The fees billed to other entities in the investment company complex for products and services provided by E&Y, other than services reported in Audit Fees, Audit-Related Fees, and Tax Fees, that the Audit Committee was required to approve because the engagement related directly to the operations and financial reporting of the Registrant were $0 and $0 for the fiscal years ended 2019 and 2020, respectively.

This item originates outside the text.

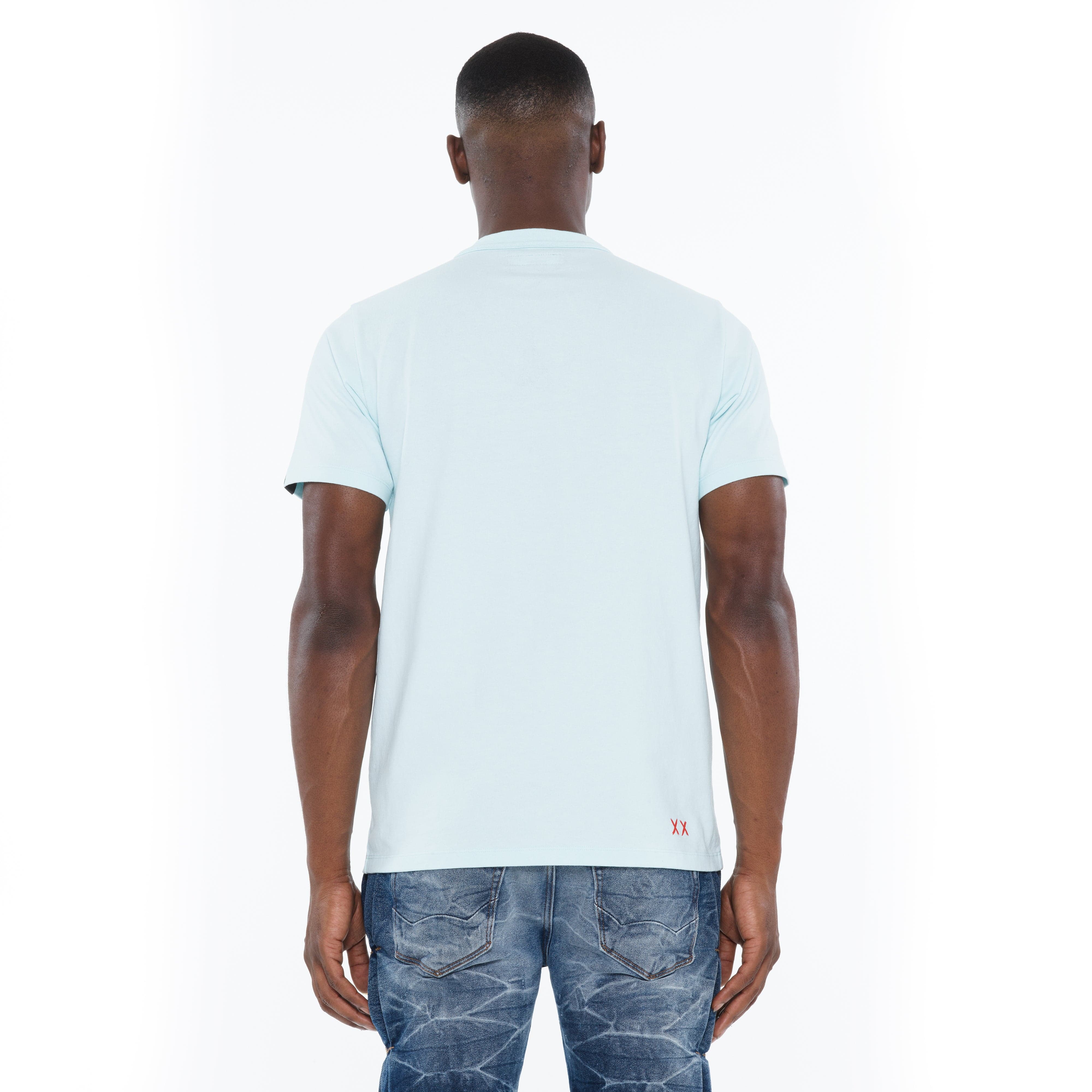 Cult's Heavyweight Short Sleeve Crew Neck Tee "Breaking The Law" in Powder Blue - Image 3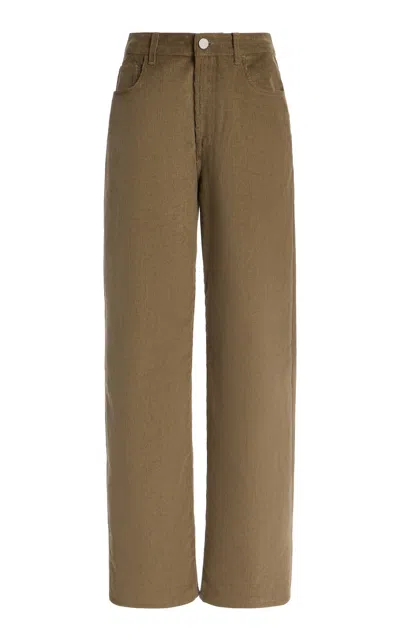 Rohe Relaxed Cotton-corduroy Trousers In Green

The Audit Committee approved 0% and 0% of these services provided by E&Y for the fiscal years ended 2019 and 2020, respectively, pursuant to the waiver provisions of Rule 2-01(c)(7)(i)(C) of Regulation S-X.

(e) Audit Committee’s Pre-Approval Policies and Procedures
(1) The Audit Committee’s pre-approval policies and procedures for the Registrant to engage an accountant to render audit and non-audit services delegate to each member of the Committee the power to pre-approve services between meetings of the Committee.
(2) None of the services described in paragraphs (b) through (d) above were approved by the Audit Committee pursuant to paragraph (c)(7)(i)(C) of Rule 2-01 of Regulation S-X.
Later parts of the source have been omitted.